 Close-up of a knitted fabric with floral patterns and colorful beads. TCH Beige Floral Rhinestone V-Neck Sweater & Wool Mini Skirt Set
##############################
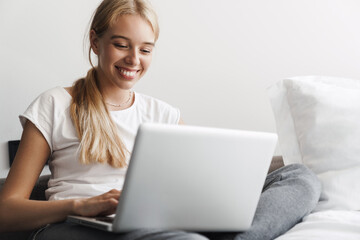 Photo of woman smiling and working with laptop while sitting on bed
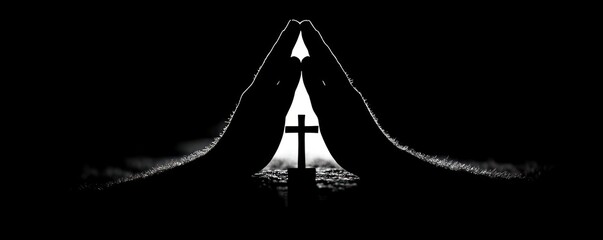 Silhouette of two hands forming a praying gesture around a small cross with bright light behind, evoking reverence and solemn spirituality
##############################
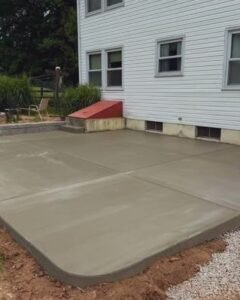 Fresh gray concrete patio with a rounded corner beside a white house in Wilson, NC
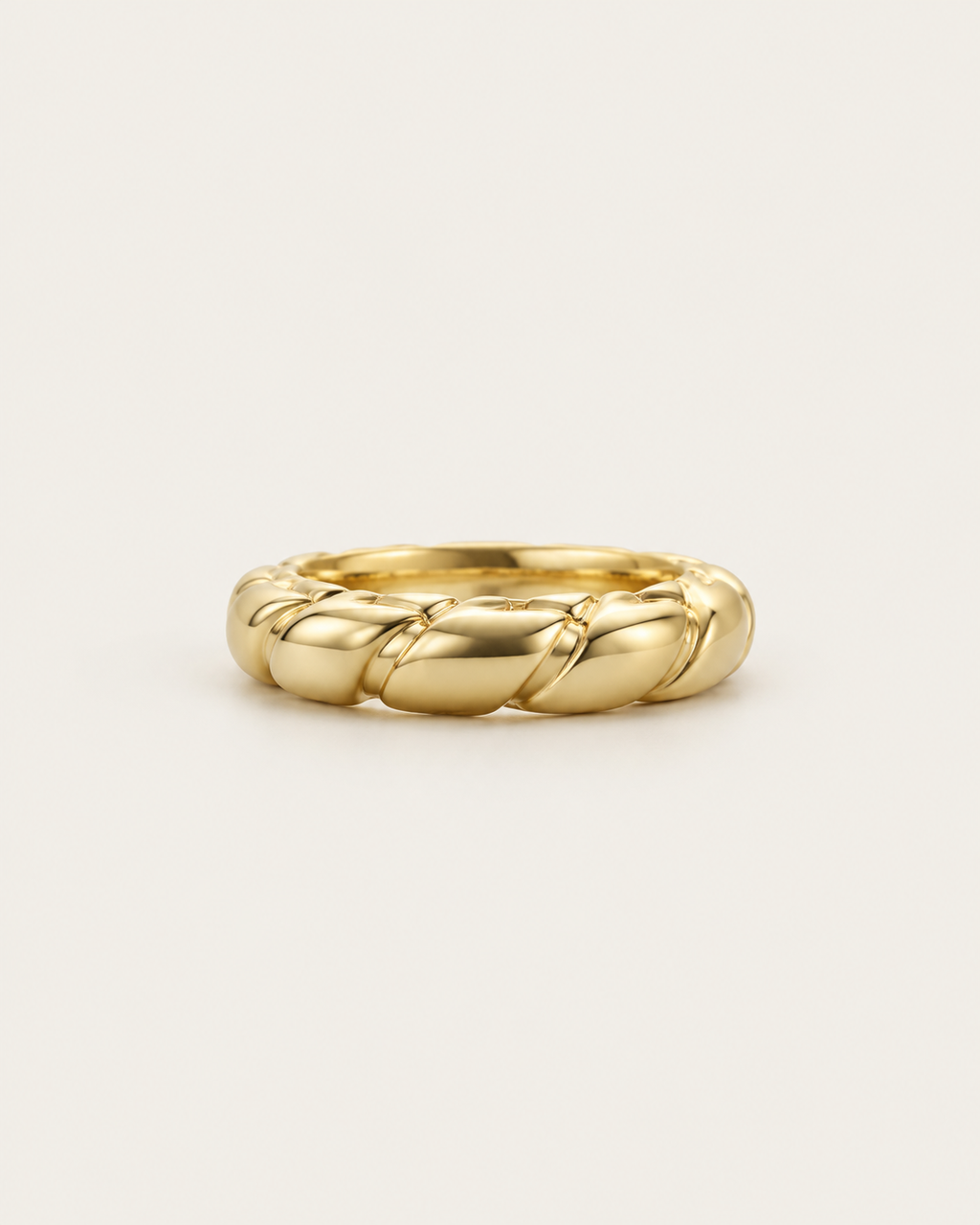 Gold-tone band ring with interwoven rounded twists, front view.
##############################
Action item: In the records above, find the line containing "Fresh gray concrete" and the line containing "Gold-tone band ring", then give both of them again word for word along with every line between. Omit any pictures.

Exercise solution:
 Fresh gray concrete patio with a rounded corner beside a white house in Wilson, NC
 Gold-tone band ring with interwoven rounded twists, front view.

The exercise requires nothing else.